The Counterintuitive Finding
Longer context windows should make LLMs more capable. You can provide more documents, more background, more evidence. But the paper "Lost in the Middle" (arXiv:2307.03172) by Liu et al. revealed something that surprised many practitioners: when relevant information is buried in the middle of a long context, LLM performance degrades dramatically — even when the model is technically capable of processing that context length.
The Experimental Setup
The researchers tested a controlled multi-document QA task: given a question and k documents (only one of which contained the answer), answer the question. They varied where the answer-containing document appeared — at positions 0%, 25%, 50%, 75%, and 100% through the context.
They tested GPT-3.5-turbo-16k, GPT-4, Claude 1.3 (100k), and Llama 2 variants. All models showed the same pattern.
The U-Shaped Performance Curve
Performance was highest when the relevant document appeared at the very beginning (primacy effect) or very end (recency effect) of the context. Performance was lowest when the relevant document was in the middle — dropping 15-25 percentage points on accuracy compared to the same model with the document at position 0%.
With 20 documents, models that scored 70%+ accuracy with the answer first dropped to under 50% accuracy with the answer in the middle — a meaningful drop in real-world usefulness despite the context fitting within the model's window.
Why This Happens
The leading hypothesis is that Transformer attention patterns during pretraining correlate with position. Documents at the beginning are always attended to (they are in the attention window of every subsequent token). Documents at the end receive strong attention from each other.
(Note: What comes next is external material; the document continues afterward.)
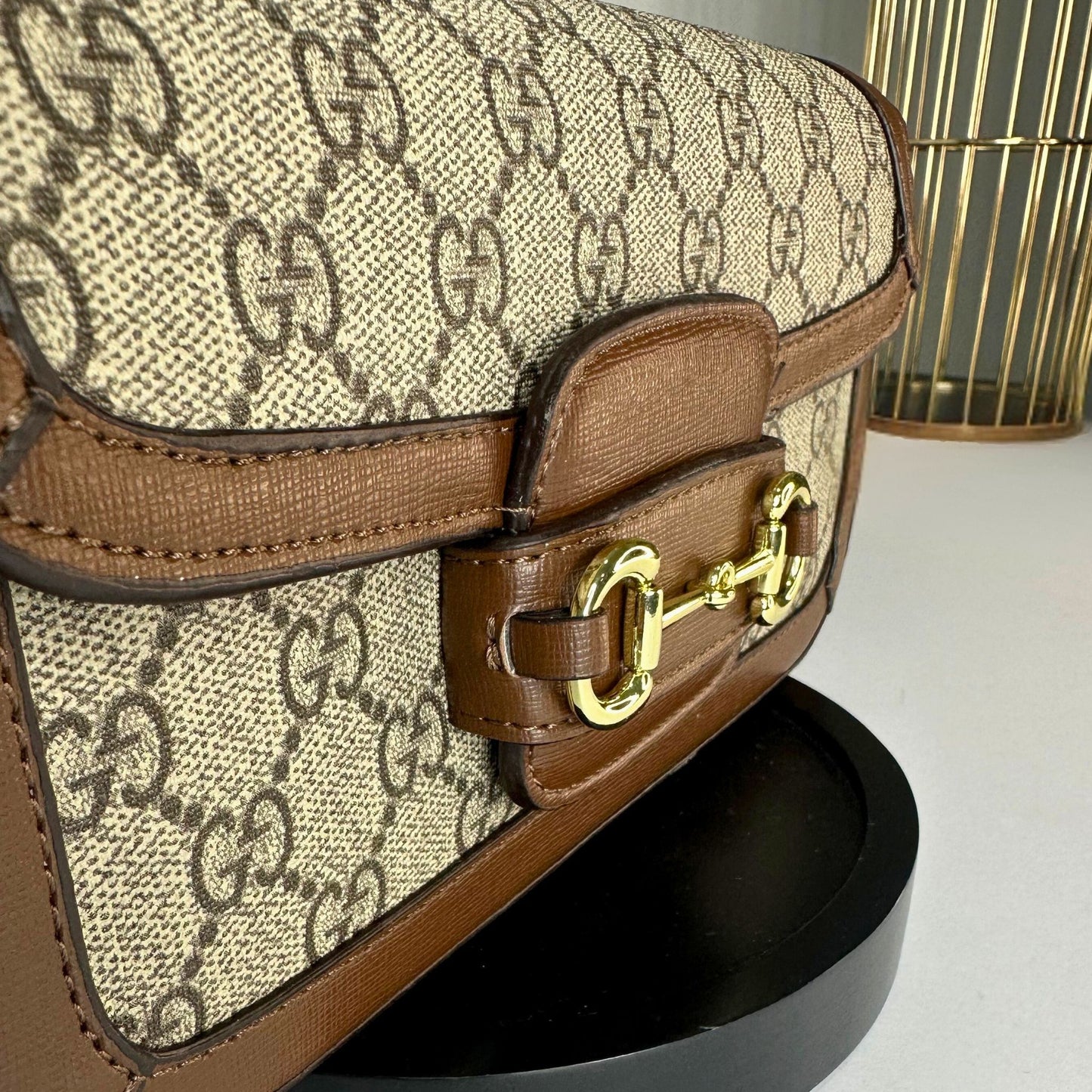 SAC GC HORSEBIT MINI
Documents in the middle receive proportionally less attention on average.
Additionally, the KV cache for middle-position tokens is accessed less frequently in autoregressive generation, reducing their effective influence on the output.
Implications for RAG Systems
This finding has direct implications for how to build RAG pipelines:
- Put the most relevant chunks first or last — not in the middle of your retrieved context
- Prefer fewer, higher-quality passages over many mediocre ones — adding irrelevant middle context actively hurts
- Re-rank retrieved passages and place top-ranked results at context boundaries
def reorder_for_lost_in_middle(passages: list[str], scores: list[float]) -> list[str]:
"""
Reorder passages to avoid the 'lost in the middle' effect.
Highest scored passage first, second highest last, rest in between.
"""
paired = sorted(zip(scores, passages), reverse=True)
sorted_passages = [p for _, p in paired]
if len(sorted_passages) <= 2:
return sorted_passages
# Best passage first, second best last, rest in middle
result = [sorted_passages[0]]
result.extend(sorted_passages[2:]) # middle passages
result.append(sorted_passages[1]) # second best at end
return result
How to Structure Prompts for Long Contexts
Beyond RAG, this affects any long-context task:
- Put the most critical instructions at the beginning and end of the system prompt
- Put examples and background in the middle (they are less likely to be precisely recalled)
- For summarization tasks, consider chunked approaches that process the document in windows rather than all at once
Model Comparisons
Claude 1.3 (100k context) showed a less severe U-shape than GPT-3.5-turbo, suggesting Anthropic's training paid attention to uniform recall. GPT-4 showed more robustness than GPT-3.5. Llama 2 models showed the most severe degradation. The pattern was consistent but varied in magnitude.